Das Forschungsteam analysierte Luftproben, die mithilfe eines sogenannten Impingers aus fünf Wiener Boulderhallen sowie weiteren Einrichtungen in Frankreich, Spanien und der Schweiz entnommen wurden. Das Partikelmessgerät ahmt die menschliche Atmung nach und filtert die Partikel heraus, die über die Atemwege bis in die menschliche Lunge gelangen können.

Anya Sherman untersucht mit einem Partikelmessgerät die Atemluft in einer Wiener Boulderhalle.

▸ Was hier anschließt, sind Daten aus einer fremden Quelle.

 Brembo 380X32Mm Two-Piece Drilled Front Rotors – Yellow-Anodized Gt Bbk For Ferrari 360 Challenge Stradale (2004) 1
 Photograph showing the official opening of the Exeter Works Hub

Die Ergebnisse waren eindeutig: In einigen der Kletterhallen war die Luftqualität laut der Studie vergleichbar mit der an stark befahrenen, mehrspurigen Straßen in Großstädten. Je kleiner die Kletterhalle, desto höher war die Konzentration der gemessenen Chemikalien.
Gummi in der Luft: Abrieb von Kletterschuhen als Ursache
Nach der Quelle für die potenziell giftigen Partikel mussten die Forschenden nicht lange suchen. Die schwarzen Rückstände an den Klettergriffen, die vom Abrieb der Schuhsohlen stammen und durch Abbürsten in die Luft gelangen, sind Sportkletter*innen weitläufig bekannt.
Überraschen dürfte allerdings, wie schädlich die Kletterschuhe wirklich sind: Insgesamt fanden die Forschenden in den 30 untersuchten Schuhpaaren 15 sogenannte Additive. Diese Zusatzstoffe werden dem Gummi beigemischt, um die Sohlen möglichst langlebig und robust zu machen. In besonders hoher Konzentration nachgewiesen wurden etwa gummibasierte Chemikalien wie Benzothiazole oder p-Phenylendiamine. Des Weiteren fand das Team vor allem den Gummistabilisator 6PPD vor. In Autoreifen gemischt, soll dieser den Verschleiß minimieren. Seine Umweltauswirkungen sind allerdings fatal: Für Wasserlebewesen wie Fische gilt der Stoff als hochgiftig, selbst geringe Konzentrationen können akutes Fischsterben auslösen.
In der Kletterhalle eingeatmet, können die Stoffe bei Menschen auf lange Sicht zu gesundheitlichen Problemen führen. So stehen die in der Luft gefundenen Additive in Verdacht, Schäden an Lunge, Leber, Darm, Herz und Nervensystem zu verursachen und die Fortpflanzungsfähigkeit zu beeinträchtigen. Als hilfreiche Gegenmaßnahmen schlagen die Forschenden etwa bessere Lüftungssysteme, eine gleichmäßige Auslastung der Hallen oder die Nutzung von Sohlen mit weniger zugeführten Zusatzstoffen vor.